> **WHAT YOU HAVE TO DO**: Retype exactly the span of lines below from the one with "May include: A" through the one with "White cotton pvc". Do not include pictures.

> **DATA PROVIDED**:
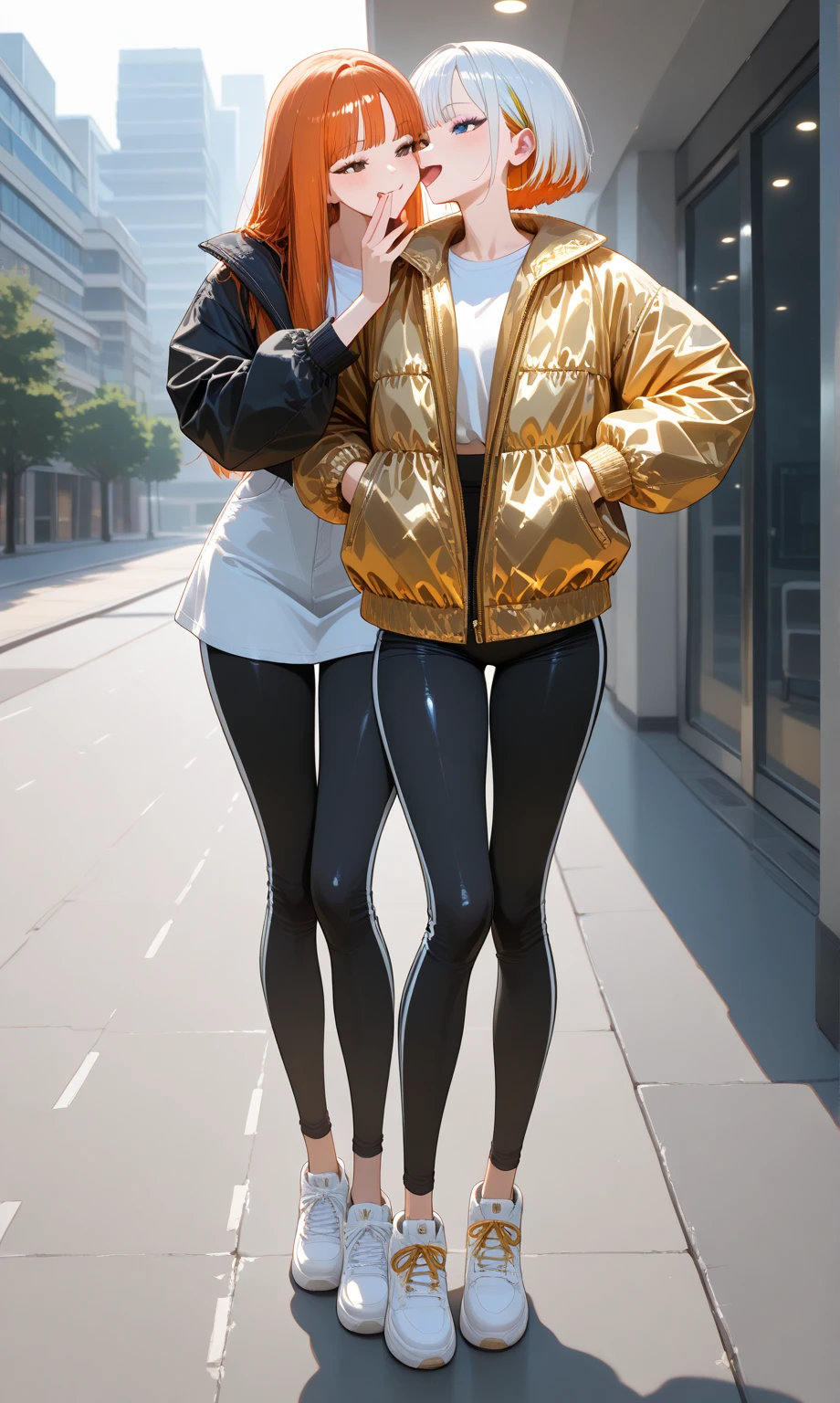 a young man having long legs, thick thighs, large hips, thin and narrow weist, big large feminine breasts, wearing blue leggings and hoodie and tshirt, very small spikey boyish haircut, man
--
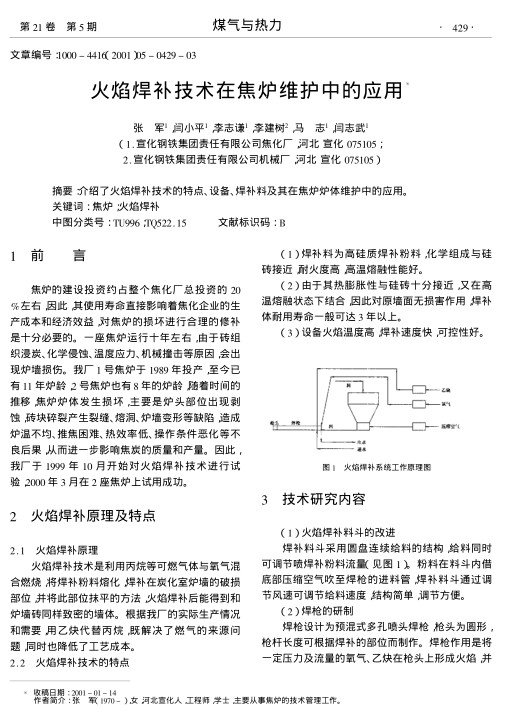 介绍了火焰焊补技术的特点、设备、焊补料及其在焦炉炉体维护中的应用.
==
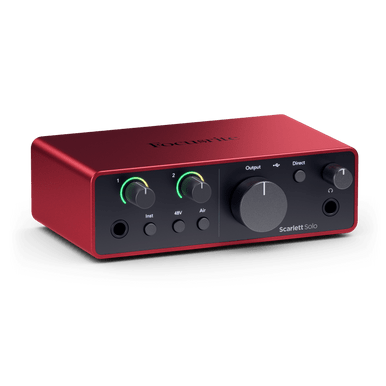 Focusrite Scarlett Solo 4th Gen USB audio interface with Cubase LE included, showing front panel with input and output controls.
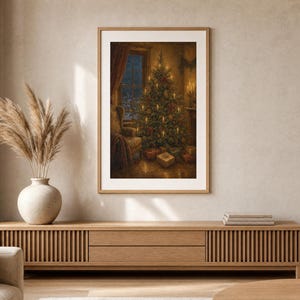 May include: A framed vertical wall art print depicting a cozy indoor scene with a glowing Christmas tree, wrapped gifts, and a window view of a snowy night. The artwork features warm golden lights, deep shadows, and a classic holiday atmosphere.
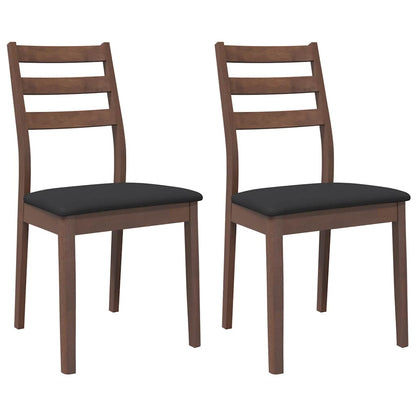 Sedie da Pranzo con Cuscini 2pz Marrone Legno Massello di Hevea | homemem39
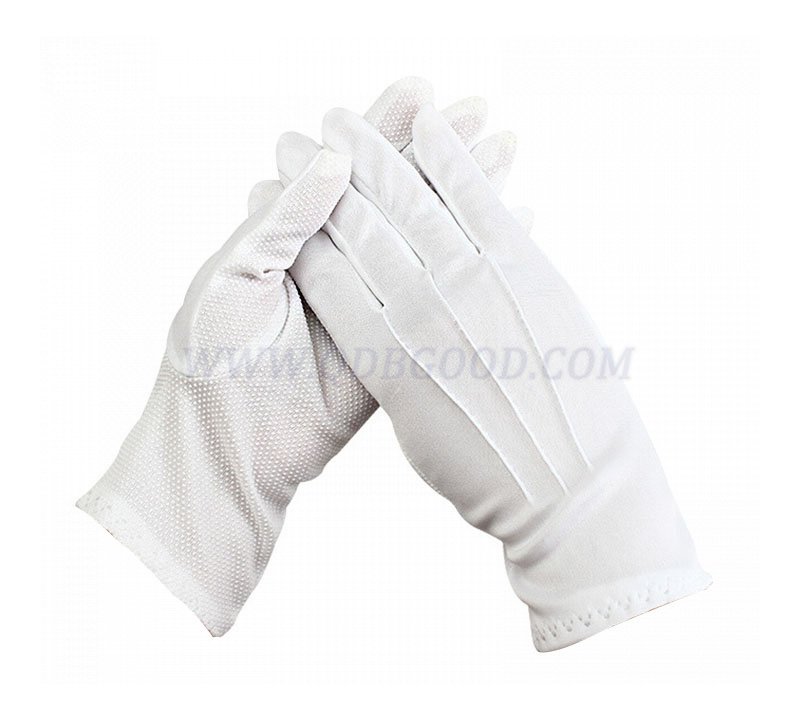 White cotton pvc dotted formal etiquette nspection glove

> **PROBLEM SOLUTION**:
 May include: A framed vertical wall art print depicting a cozy indoor scene with a glowing Christmas tree, wrapped gifts, and a window view of a snowy night. The artwork features warm golden lights, deep shadows, and a classic holiday atmosphere.
 Sedie da Pranzo con Cuscini 2pz Marrone Legno Massello di Hevea | homemem39
 White cotton pvc dotted formal etiquette nspection glove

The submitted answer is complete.